No women in the study developed a thrombotic complication, a potential danger of the bromocriptine intervention. All participants received antithrombotic prophylaxis with either warfarin or subcutaneous heparin. Although the bromocriptine strategy has already been adopted for routine treatment of PPCM in Germany and in many other parts of the world, its uptake in the United States has lagged, largely because of concerns about thrombotic complications, noted Dr. Sliwa, professor of medicine and director of the Hatter Institute for Cardiovascular Research in Africa at the University of Cape Town, South Africa.

Among all 57 women available for a follow-up echocardiography assessment 6 months after the start of treatment, roughly 60% had a left ventricular ejection fraction of 50% or greater, and more than 20% achieved an ejection fraction of 35%-49%. The remaining roughly 18% of women either did not have a 6-month follow-up or failed to reach at least a 35% ejection fraction at 6 months.

PPCM can be a diagnostic challenge, said Dr. Hilfiker-Kleiner, but it is relatively common, with an average worldwide incidence of about 1 case for every 1,000 deliveries. The incidence may be even higher with many cases going undetected, often because the clinical signs of PPCM, including fatigue, difficulty sleeping, edema, and dyspnea, can be dismissed as the results of recent pregnancy or caring for a newborn baby. Certain racial or ethnic groups appear to have an increased incidence of the disease, including African and Hispanic women, likely because of genetic factors, said Dr. Sliwa. Clinical factors that boost risk include pre-eclampsia, smoking, obesity, older age, and multiparity, but not diabetes.

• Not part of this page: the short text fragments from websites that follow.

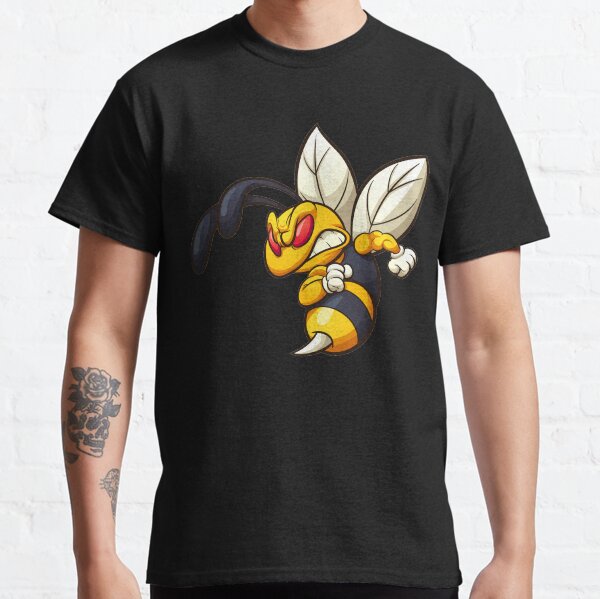 Angry Hornet Classic T-Shirt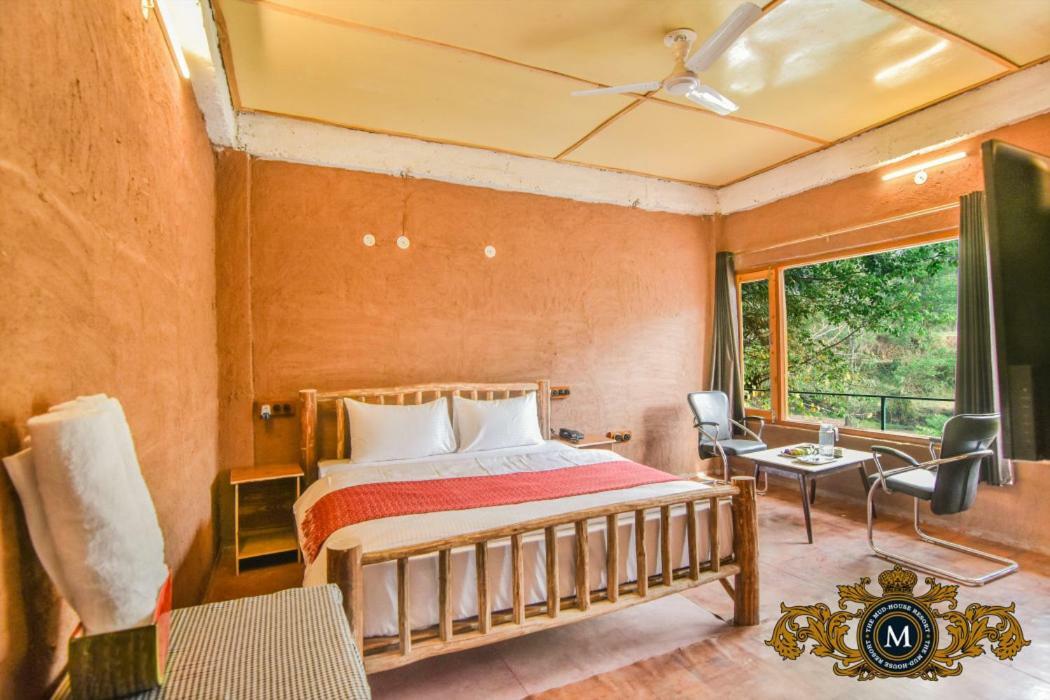 The Mud House Resort Kasauli Zewnętrze zdjęcie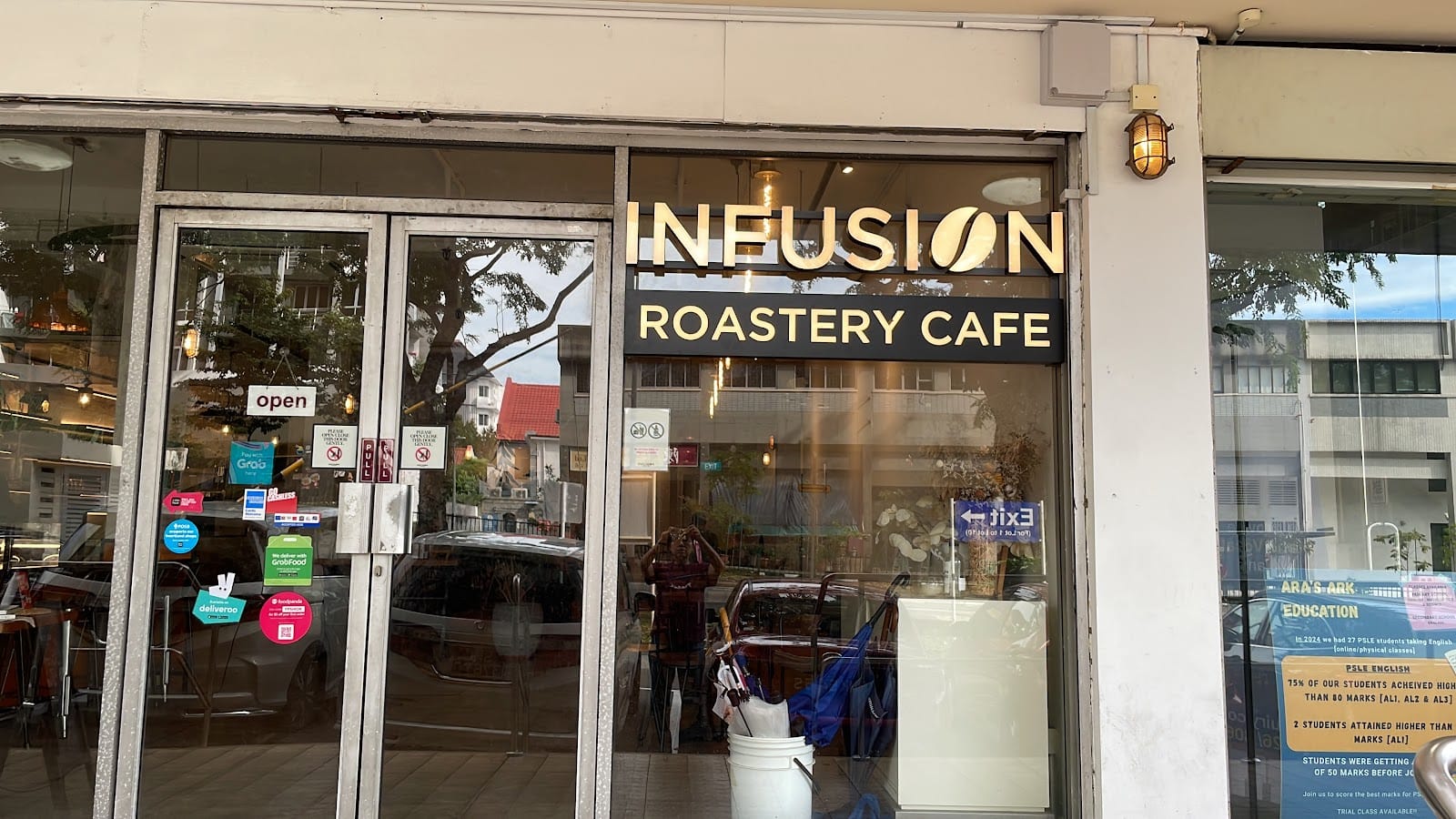 Infusion Roastery Cafe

Testing for N-terminal-pro B-type natriuretic peptide levels appears to be a good screen for women who have developed PPCM, with a level of at least 500 pg/mL high enough to warrant further assessment, Dr. Sliwa said. She recommended running an NT-proBNP test on any recent postpartum women with a clinical or demographic risk factor or suggestive clinical presentation, but she also stressed that PPCM can occur in younger, totally healthy, and athletic women who appear to have a normal delivery.

A significant concern about bromocriptine treatment is that it precludes breastfeeding, a reason not to use the drug in women with an ejection fraction of 40% or greater, especially in settings where access to safe baby formula is a challenge.

The PPCM trial enrolled 63 women at 12 German centers.

The trial received no commercial funding. Dr. Hilfiker-Kleiner and Dr. Sliwa had no disclosures.